Repairing the breach

Bishop William J. Barber II, founder of Repairers of the Breach, presided over a healing, interfaith service at Greater Grace Temple in Springfield. He said, “When I shared with some people the invitation that had come through clergy to come here to pray and to speak and to stand, I had people contact me and say, ‘Be safe. Don’t go. It’s dangerous.’ No one should be told not to come to an American city because of fear of harm.”

Imam Youssef Elzein offered, “The teaching of Islam tells me that I have to be good to my neighbor, that I have to be good to the Haitian community and to be good to the immigrants, just like I am. I came to this country 40 years ago, and I went through what many of my brothers and sisters in the Haitian community are going through today.”

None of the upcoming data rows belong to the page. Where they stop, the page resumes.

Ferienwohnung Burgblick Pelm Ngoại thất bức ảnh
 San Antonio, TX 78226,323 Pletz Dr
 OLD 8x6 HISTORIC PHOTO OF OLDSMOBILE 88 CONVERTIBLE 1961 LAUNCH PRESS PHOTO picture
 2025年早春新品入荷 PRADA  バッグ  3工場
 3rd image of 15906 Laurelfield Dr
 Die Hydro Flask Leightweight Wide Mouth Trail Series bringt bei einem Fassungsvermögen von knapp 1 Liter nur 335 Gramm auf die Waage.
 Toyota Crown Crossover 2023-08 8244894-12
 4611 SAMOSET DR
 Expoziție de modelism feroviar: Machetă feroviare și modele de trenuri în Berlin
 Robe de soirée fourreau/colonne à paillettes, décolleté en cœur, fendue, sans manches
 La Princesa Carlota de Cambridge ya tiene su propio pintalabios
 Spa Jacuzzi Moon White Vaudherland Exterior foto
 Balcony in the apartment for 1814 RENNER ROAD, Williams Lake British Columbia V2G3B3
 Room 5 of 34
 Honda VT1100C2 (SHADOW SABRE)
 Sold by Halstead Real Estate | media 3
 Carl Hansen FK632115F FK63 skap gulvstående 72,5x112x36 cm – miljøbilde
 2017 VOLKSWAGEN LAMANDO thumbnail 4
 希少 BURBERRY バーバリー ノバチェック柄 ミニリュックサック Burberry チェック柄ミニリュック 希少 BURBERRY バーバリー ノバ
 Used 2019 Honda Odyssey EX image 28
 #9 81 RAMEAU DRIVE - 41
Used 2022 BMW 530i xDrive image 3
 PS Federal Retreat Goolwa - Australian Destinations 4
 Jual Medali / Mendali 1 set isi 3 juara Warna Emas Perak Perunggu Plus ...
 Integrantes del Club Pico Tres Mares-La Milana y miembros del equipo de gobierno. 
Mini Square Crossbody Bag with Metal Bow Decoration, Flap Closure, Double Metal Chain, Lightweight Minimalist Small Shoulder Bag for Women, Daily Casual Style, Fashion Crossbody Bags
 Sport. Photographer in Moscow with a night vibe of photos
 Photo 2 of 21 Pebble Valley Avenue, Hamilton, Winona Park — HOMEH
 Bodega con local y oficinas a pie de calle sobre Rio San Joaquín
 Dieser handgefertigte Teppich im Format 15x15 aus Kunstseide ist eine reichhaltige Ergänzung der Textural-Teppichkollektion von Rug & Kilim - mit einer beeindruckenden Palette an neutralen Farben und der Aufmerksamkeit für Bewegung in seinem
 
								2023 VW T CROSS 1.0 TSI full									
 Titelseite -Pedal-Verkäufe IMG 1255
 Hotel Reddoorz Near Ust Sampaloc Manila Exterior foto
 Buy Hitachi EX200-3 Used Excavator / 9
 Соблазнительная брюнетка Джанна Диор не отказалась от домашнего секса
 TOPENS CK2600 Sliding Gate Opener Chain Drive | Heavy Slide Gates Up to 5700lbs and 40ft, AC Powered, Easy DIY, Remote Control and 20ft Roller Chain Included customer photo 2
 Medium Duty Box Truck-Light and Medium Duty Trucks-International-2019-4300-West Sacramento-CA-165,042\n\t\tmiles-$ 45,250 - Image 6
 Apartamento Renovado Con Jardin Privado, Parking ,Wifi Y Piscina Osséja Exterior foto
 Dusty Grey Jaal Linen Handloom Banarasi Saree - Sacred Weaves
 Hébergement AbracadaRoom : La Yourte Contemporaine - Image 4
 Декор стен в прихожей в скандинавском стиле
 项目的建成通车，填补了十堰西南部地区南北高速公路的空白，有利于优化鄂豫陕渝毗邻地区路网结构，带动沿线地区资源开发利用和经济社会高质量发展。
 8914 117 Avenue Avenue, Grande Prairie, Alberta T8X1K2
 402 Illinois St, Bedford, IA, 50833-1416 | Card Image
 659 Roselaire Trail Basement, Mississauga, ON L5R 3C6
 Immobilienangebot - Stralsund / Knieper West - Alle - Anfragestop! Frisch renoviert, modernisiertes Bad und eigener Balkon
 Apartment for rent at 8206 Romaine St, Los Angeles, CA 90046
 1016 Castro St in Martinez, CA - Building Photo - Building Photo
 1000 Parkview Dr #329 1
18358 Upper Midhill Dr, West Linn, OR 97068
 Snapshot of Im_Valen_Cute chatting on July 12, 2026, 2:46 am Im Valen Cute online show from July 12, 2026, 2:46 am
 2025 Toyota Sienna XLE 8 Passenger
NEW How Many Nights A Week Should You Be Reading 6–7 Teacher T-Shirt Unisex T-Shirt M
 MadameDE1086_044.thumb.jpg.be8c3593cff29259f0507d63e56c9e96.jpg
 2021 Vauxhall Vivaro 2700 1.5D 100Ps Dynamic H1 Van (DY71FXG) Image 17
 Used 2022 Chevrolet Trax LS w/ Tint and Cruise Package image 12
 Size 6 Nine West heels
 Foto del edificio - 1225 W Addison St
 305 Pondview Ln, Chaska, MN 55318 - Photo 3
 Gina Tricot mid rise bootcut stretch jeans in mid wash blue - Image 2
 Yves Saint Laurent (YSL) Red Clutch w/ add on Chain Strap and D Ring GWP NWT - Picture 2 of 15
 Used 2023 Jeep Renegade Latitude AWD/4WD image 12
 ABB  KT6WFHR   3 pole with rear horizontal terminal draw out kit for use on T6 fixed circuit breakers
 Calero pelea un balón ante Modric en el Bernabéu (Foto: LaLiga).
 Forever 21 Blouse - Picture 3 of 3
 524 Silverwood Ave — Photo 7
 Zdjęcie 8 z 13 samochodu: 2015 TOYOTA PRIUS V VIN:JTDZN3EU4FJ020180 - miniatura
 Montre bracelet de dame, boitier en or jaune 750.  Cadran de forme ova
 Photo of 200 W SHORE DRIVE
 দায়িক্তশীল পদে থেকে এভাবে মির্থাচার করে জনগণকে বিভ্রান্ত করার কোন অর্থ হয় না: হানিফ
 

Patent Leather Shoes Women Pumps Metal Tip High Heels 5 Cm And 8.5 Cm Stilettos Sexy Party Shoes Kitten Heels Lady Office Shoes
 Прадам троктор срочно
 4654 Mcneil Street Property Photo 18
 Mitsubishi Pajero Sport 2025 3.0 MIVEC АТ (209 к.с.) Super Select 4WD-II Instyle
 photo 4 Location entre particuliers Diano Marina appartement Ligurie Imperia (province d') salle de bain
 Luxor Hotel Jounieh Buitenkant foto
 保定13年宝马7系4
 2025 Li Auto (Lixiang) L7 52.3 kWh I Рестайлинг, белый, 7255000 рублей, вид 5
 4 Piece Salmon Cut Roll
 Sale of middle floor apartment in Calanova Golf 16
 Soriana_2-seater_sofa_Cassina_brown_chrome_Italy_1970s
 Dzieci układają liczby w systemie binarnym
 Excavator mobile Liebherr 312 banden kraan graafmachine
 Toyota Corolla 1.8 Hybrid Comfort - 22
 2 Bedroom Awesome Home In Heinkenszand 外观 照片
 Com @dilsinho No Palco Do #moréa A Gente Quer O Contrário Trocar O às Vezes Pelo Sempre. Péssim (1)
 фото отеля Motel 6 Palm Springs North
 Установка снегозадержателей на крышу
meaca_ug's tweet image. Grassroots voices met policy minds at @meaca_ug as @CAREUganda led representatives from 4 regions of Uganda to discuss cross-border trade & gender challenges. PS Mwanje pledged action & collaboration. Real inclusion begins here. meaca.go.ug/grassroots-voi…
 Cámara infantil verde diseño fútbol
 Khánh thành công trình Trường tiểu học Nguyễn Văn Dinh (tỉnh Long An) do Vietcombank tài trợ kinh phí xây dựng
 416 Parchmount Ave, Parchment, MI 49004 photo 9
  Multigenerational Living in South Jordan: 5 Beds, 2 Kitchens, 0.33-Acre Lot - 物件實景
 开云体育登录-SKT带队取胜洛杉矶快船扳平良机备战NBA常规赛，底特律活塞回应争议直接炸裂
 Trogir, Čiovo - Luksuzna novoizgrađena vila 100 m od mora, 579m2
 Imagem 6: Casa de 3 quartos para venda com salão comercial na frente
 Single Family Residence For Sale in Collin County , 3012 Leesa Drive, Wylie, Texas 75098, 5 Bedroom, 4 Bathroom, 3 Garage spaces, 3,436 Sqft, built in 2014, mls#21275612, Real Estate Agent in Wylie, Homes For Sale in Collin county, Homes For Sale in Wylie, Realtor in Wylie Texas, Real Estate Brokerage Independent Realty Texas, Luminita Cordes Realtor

Added Rabbi Karen Bodney-Halasz, of Temple Israel in Dayton, “In the Torah, the five books of Moses, we are commanded to protect, guard and love the stranger no less than 36 times, because this is not simply a suggestion. It is a moral obligation rooted in empathy and shared history.”

Said Barber, “Do not reject God by rejecting your Haitian neighbor. Take your lies, take your foot, take your oppression, take your distortion off the back of our immigrant brothers and sisters. It’s gone on far too long, and we won’t be silent anymore.”